He instructed his student Rabbi Abba to write down what he was about to say, Rabbi Elozar his son to repeat it, and the other students to listen carefully. He then revealed to them the section of the Zohar- book on mysticism, known as Idra Zuta. At that time, the holiness of Rabbi Shimon was so intense that none of the students were able to gaze upon him, and throughout the entire day, a fire surrounded the house, keeping everyone else at a distance.

Rabbi Abba recorded: "While I was in midst of writing, and Rabbi Shimon was in the middle of quoting a verse from the Bible, he stopped at the word 'Chaim' (Life). I waited, wanting to continue, but did not raise my head to see why he had stopped, for I was unable to look at the bright light that he radiated. Suddenly, I heard a voice call out another verse from the Bible that included again, the word 'Chaim' (Life), and then another voice called out another verse. I fell to the ground and wept. When the fire subsided and the light faded away, I saw that the great luminary, Rabbi Shimon, had passed away. He was lying on his right side, with a smile on his face."

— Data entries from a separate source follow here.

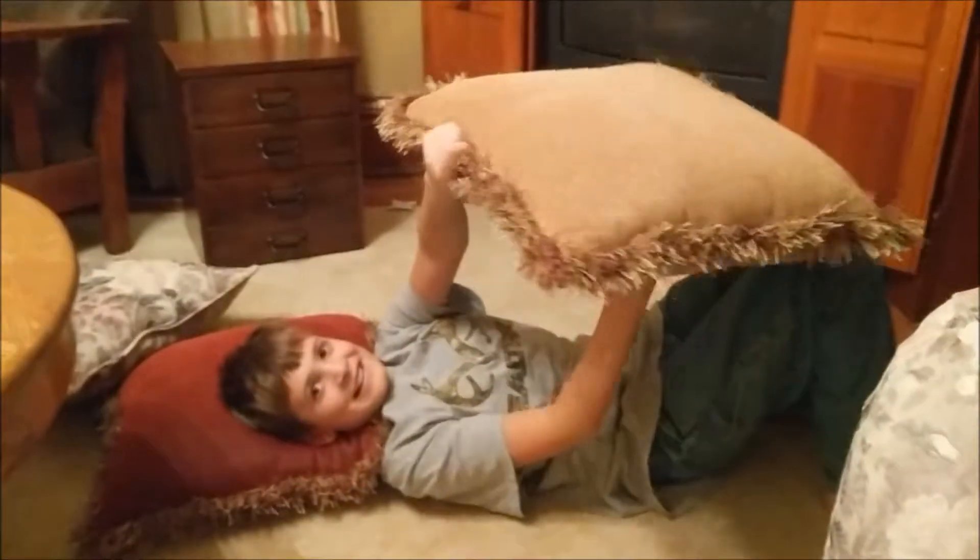I can't even believe he's doing this. This looks fake. No, no, no, don't mess with him, seriously. One more go. This is unbelievable. He's not even like — it doesn't even look like he's trying.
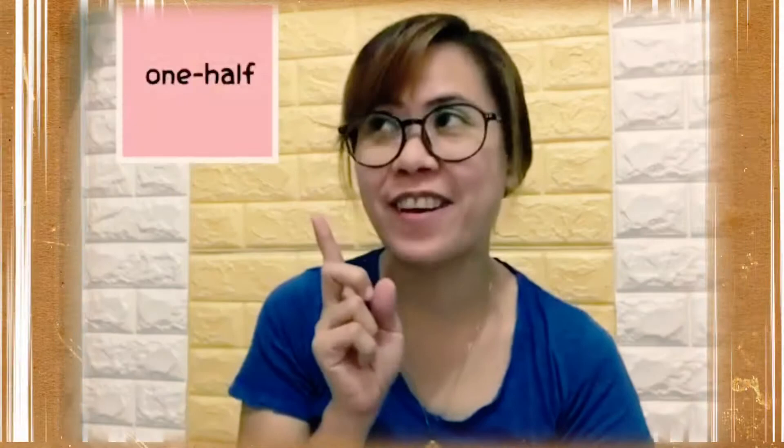You write it one half just like this, or you could write it one half just like that. Don't forget that, children. So that's all about fractions — one half. How about this one, children? Is it one whole? Yes, it's one whole because we haven't divided it yet.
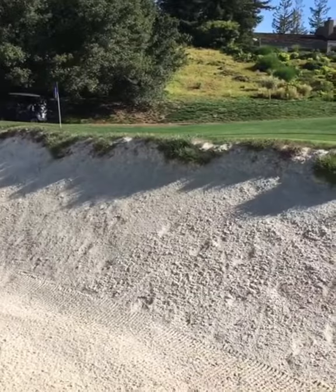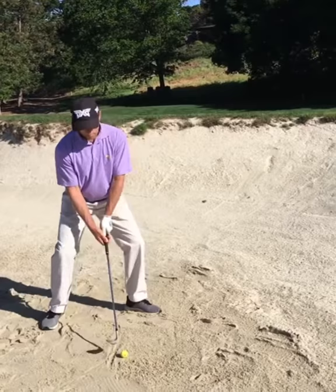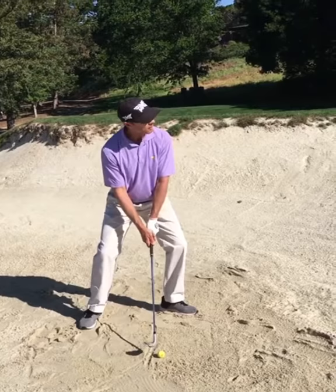The sand flew into that face. Now let's say the pin was 10 yards further back and I wanted to carry the ball 10 more yards. I'm still going to hit my line, but now watch where the sand's going to fly on this shot. The face is a little less open, the pressure's a little bit more left, the follow-through's going to be a little wider, and the sand will fly further into the green.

Soon afterwards, residents of nearby Tzipori came to take Rabbi Shimon Bar Yochai to bury him in their village, but the inhabitants of Meron (a city in the northern part of Israel) sent them away. Meanwhile the bed, now outside the house, raised itself in the air, while a fire burned in front of it. A voice rang out, "Come and gather for the celebration of (the life of) Rabbi Shimon!" When they entered the cave in which he would be buried, another voice was heard, coming from within: "This man shakes up the world and all its kingdoms; many adversaries in Heaven are silenced because of his merit; G-d glories in him daily. Fortunate is his portion, both Above and below!"

Rabbi Elozar Azkari who lived approximately 500 years ago, was a clerk in a house of study in Tzfas (a city in Northern Israel), and was regarded as a simple person. No one knew of his Holiness, piety and scholarship. One Lag B’Omer, he traveled to the burial place of Rabbi Shimon Bar Yochai in Meron, and while there, he met the great Rabbi Yitzchak Luria and his students and danced with them. He also danced with an elderly man, dressed in white, who was dancing with an intense joy. Rabbi Yitzchak Luria took hold of the elderly man's hands and danced with him for a while, and then danced with Rabbi Elozar Azkari.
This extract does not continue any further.